- Spanish: Nuevo rico, nuevo pobre
- Genre: Telenovela
- Opening theme: "Nadie sabe lo que tiene" by David Castro
- Country of origin: Colombia
- Original language: Spanish
- No. of seasons: 1
- No. of episodes: 194 for Colombia and 158 International

Original release
- Network: Caracol Televisión
- Release: 16 July 2007 – 11 August 2008

Related
- Pobre rico, pobre; Pobre rico; Newly Rich, Newly Poor (2025 TV series);

= Newly Rich, Newly Poor (2007 TV series) =

Colombian telenovela

Nuevo Rico Nuevo Pobre is a Colombian telenovela produced and broadcast by Caracol TV starring Martín Karpan, John Alex Toro (well known by his participation in Maria Full of Grace), Maria Cecilia Botero, Carolina Acevedo, Hugo Gómez, former Miss Colombia Andrea Nocetti and Andrés Toro (from Sin Tetas No Hay Paraíso).

The show started on 16 July 2007 on Caracol TV. Caracol TV has sold the rights of the show to Telemundo and Fox. It is, as of May 2008, one of the highest rated TV shows in Colombia.

==Plot==

The telenovela follows the lives of Andrés Ferreira and Brayan Galindo, who were switched at birth. Andrés, born to a poor couple, was raised by a wealthy family, while Brayan, born into wealth, was raised by a poor couple. After 30 years, the mistake is discovered, and the two adults are forced to switch places. Andrés moves in with his biological father at the pension where Brayan had lived and begins to meet his true family, while Brayan goes to live with his real mother and his new fiancée, Fernanda Sanmiguel, who is only interested in him for his wealth and is secretly having an affair with Andrés's cousin, Mateo.
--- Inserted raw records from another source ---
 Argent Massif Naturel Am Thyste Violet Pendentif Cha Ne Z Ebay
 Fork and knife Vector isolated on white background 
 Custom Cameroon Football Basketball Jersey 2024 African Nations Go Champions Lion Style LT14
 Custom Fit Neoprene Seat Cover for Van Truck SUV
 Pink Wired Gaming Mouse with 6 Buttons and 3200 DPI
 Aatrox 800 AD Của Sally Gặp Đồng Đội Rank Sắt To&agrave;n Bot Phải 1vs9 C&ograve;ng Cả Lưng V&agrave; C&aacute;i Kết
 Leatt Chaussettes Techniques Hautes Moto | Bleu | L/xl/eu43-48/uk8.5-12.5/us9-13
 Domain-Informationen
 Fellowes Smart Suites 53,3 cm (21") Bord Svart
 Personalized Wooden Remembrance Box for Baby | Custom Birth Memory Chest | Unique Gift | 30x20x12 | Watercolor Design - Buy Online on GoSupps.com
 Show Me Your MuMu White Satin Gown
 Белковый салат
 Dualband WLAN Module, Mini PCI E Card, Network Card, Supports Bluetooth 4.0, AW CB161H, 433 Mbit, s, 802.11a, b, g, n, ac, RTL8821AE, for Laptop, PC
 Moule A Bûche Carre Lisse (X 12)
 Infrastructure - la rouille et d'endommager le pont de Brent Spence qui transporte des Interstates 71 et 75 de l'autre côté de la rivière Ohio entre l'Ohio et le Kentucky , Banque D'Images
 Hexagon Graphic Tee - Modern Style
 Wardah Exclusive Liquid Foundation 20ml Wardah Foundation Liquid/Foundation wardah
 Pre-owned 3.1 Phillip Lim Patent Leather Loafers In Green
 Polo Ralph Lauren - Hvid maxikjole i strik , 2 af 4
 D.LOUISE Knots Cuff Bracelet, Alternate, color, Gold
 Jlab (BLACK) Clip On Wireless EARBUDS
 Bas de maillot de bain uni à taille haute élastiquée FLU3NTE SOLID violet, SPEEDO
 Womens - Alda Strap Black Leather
Brayan now owns the Ferreira family business, Mundo Express, but it is later revealed that Mateo is plotting to steal both his money and the company.

==Cultural aspects==

The name of Brayan Galindo reflects an irregular adaptation of Brian to Spanish.

The social consequences of massive dismissals of 200 employees as a result of restructuring inserts a dramatic effect into the plot, and creates a cold image of the business world and Andrés Ferreira.

==Cast==

- Martín Karpan - Andres Galindo
- Jhon Alex Toro - Brayan Ferreira
- Carolina Acevedo - Rosemary Peláez
- Andrea Nocetti - Fernanda Sanmiguel
- Andrés Toro - Mateo Lopez Ferreira
- Maria Cecilia Botero - Antonia Vda. de Ferreira
- Hugo Gómez - Leonidas Galindo
- Diana Neira - Ingrid Peláez
- Rosemary Bohórquez - Maritza Buenahora
- Isabel Cristina Estrada - lizeth
- Liliana Escobar - Esperanza Romero de Galindo
- Andrés Parra - Orlando Araújo
- Mauricio Vélez - Fidel Peláez
- Hermes Camelo - Edmundo Gonzaga †
- Juan Carlos Pérez Almanza - Malaleche
- Jimmy Vásquez - Miller Anselmo
- Lorena Tobar - Florens
- Carlos Serrato - Dr. Trujillo
- Edna Márquez - Roberta
- Nataly Umaña - Llona
- Saín Castro. - Anselmo Afanador
- Jorge Sánchez Salsa - Héctor
- Gerardo Calero - Emilio
- Herbert King. - Hugo
- John Mario Rivera - Julio Landazuri
- Fernando Arango - "Peluche"
- Harold Córdoba - "El Mono"
- Natalie Ackermann - Astrid Jeunger alias
- Maribel Abello - Deyanira Puyana De Sanmiguel
- Vicki Rueda - Diana Inés Martínez
- Astrid Junguito - Genoveva Carranza
- Jarold Fonseca - Pachón
- Pacho Rueda - Policía Casper

==International remakes==
===GRE – Ela sti thesi mou===
Premiered on Alpha TV on 3 October 2016 and ended on 9 July 2021, counting 5 seasons and 934 episodes.

===SRB – Igra Sudbine===
Premiered on Prva Srpska Televizija on 20 January 2020 and it is still being broadcast, counting 1300+ episodes and 8 seasons.